For the past year, API Chaya staff have worked with a cohort of survivor leaders with lived experiences surviving human trafficking. Each person came from a different experience of exploitation, including different home countries and industries worked. By request of the interviewees, these interviews are published using only their first names (including some psuedonyms) and intentionally do not disclose details about their trafficking experiences. Rather, this interview focuses on their experiences in the past year taking part in our survivor leadership group, the lessons they’ve learned, and the visions that continue to inspire them to take part in the anti-trafficking movement. For one of our participants, an interpreter supported the interview process.

API Chaya: How did you become part of the survivor leader group? What motivated you?

Cristina: Through you guys. Because I’m curious and want to learn more about your program and the other people, their lives… I want to know how it feels.

Billy: I was a client of API Chaya and I been attending lots of events and gathering from API Chaya. I was interested in the leadership program. [My former advocate] told me the requirements. I thought I was really interested to do it. Try payback community in some way. It was something I really wanted to do.

Linda: For me, people might think that after escaping the trafficking situation, received help from social service agencies, survivors should be ready to move on. That was not true in my case. The journey of seeking justice is much longer and complicated. In order for me to find some justice for my life, I had to tell my story over and over to the homeland security investigators and to my immigration lawyer. It was like living in a nightmare and was very stressful… With API Chaya, I been going to survivor gatherings for a while. When I learned about the leadership group, I said yes, because I want to become the support for other new survivors in the program.

API Chaya: In the Spring, you came with us to the Freedom Network Conference in Washington DC and got to see part of what the National Anti-Trafficking Field looks like. What was that experience like for you?

Linda: I met so many heroes there, including the human trafficking survivors who now became leaders in the trafficking movement.

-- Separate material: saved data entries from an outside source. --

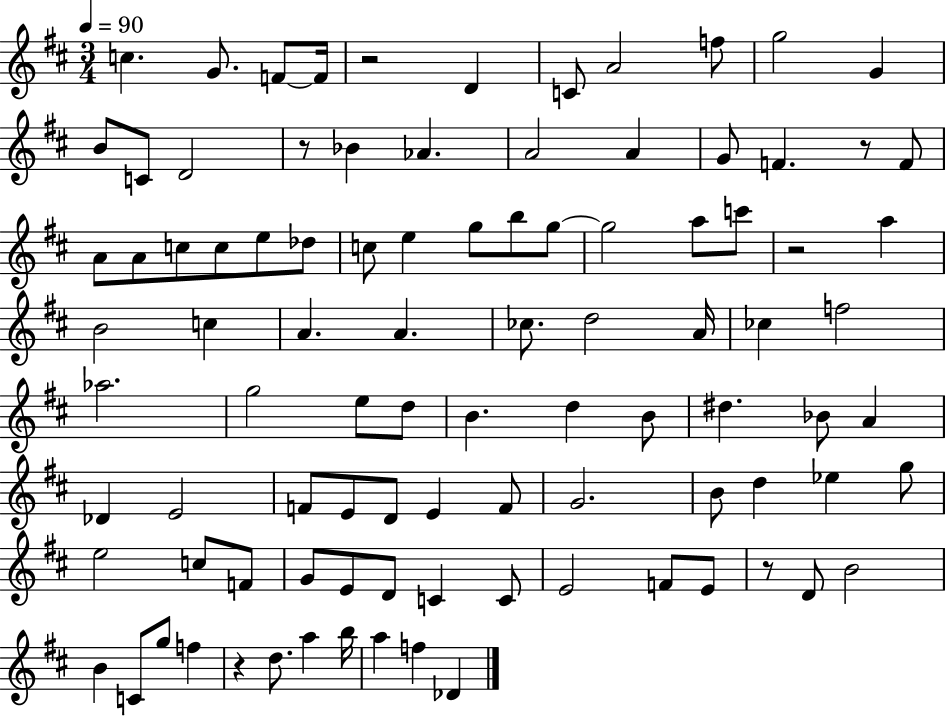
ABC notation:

X:1
T:Untitled
M:3/4
L:1/4
K:D
c G/2 F/2 F/4 z2 D C/2 A2 f/2 g2 G B/2 C/2 D2 z/2 _B _A A2 A G/2 F z/2 F/2 A/2 A/2 c/2 c/2 e/2 _d/2 c/2 e g/2 b/2 g/2 g2 a/2 c'/2 z2 a B2 c A A _c/2 d2 A/4 _c f2 _a2 g2 e/2 d/2 B d B/2 ^d _B/2 A _D E2 F/2 E/2 D/2 E F/2 G2 B/2 d _e g/2 e2 c/2 F/2 G/2 E/2 D/2 C C/2 E2 F/2 E/2 z/2 D/2 B2 B C/2 g/2 f z d/2 a b/4 a f _D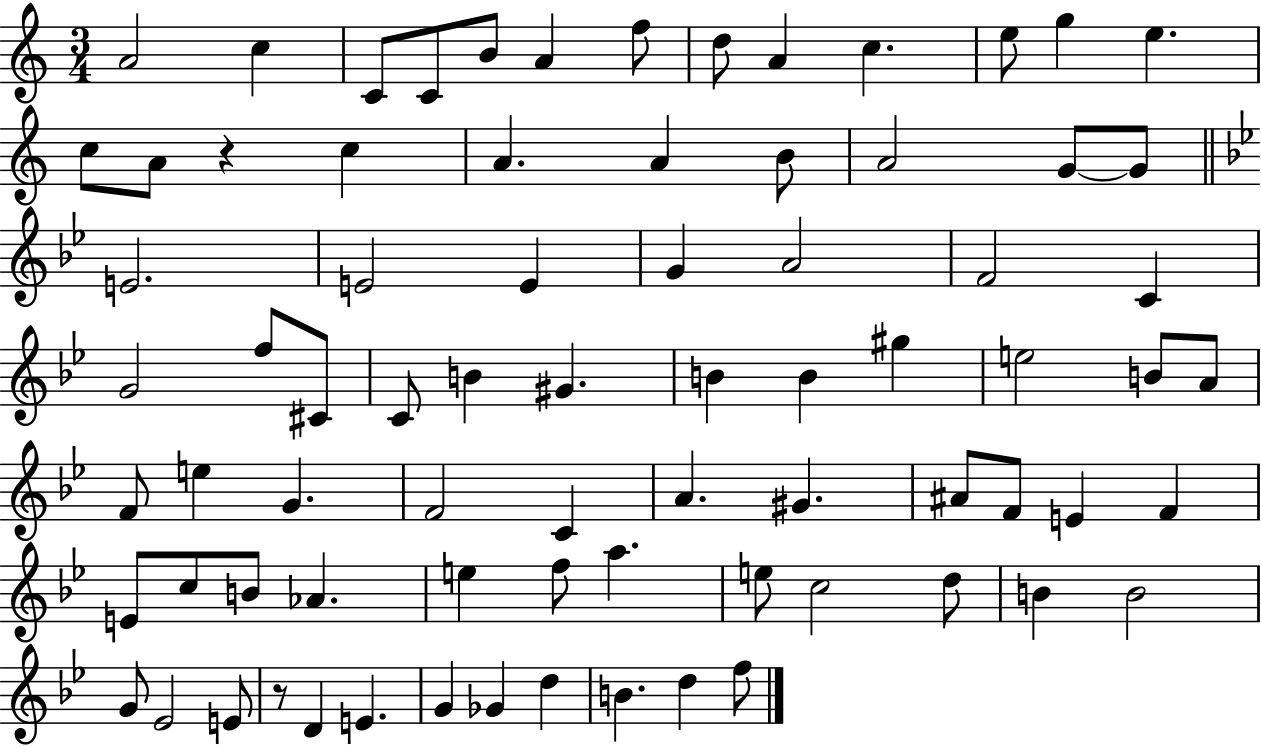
A4/h C5/q C4/e C4/e B4/e A4/q F5/e D5/e A4/q C5/q. E5/e G5/q E5/q. C5/e A4/e R/q C5/q A4/q. A4/q B4/e A4/h G4/e G4/e E4/h. E4/h E4/q G4/q A4/h F4/h C4/q G4/h F5/e C#4/e C4/e B4/q G#4/q. B4/q B4/q G#5/q E5/h B4/e A4/e F4/e E5/q G4/q. F4/h C4/q A4/q. G#4/q. A#4/e F4/e E4/q F4/q E4/e C5/e B4/e Ab4/q. E5/q F5/e A5/q. E5/e C5/h D5/e B4/q B4/h G4/e Eb4/h E4/e R/e D4/q E4/q. G4/q Gb4/q D5/q B4/q. D5/q F5/e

I learned a lot from this conference and I feel even more eager to make a difference in this community.

Billy: I had learned a lot about the deeper concept of human trafficking and I learned how to support people in the community… I was able to meet a lot of people and talk to them about their experience, learn about it, and now, I am able to spread the word and to work to prevent this from happening. [Looking at the national work,] I thought we did such a good job supporting victims and helping them with all basic needs, housing, but one thing that I believe we still need to work on is to educate people — have people understand about human trafficking. Some people don’t even know what that is, folks from the countryside, people not going to college. People don’t understand what it means to be trafficked.

API Chaya: What are your goals for what you want to contribute to anti-trafficking work?

Billy: My vision is that we can expand the leadership program and recruit more people, come together and share stories and build up a community to support each other. And contribute to the work of the anti-trafficking movement… Mainly I want to help people, bring people together, who have been through the situation like me. It has been one year and I’ve done a lot, help events, participate in a lot of trainings, learn how to become a HT survivor leader, understand the concept of HT, and support others. The part I want to take on, because I’m a computer science major, is I want to be able to incorporate tech to figure out how to improve… and push the anti-human trafficking movement even further than where we are right now.

In 10 years, I want to be a software engineer. On my vacations, days off, I want to go to different countries and speak to people about human trafficking…. Give speeches in different parts of the world, because who knows about human trafficking better than the people that experience it.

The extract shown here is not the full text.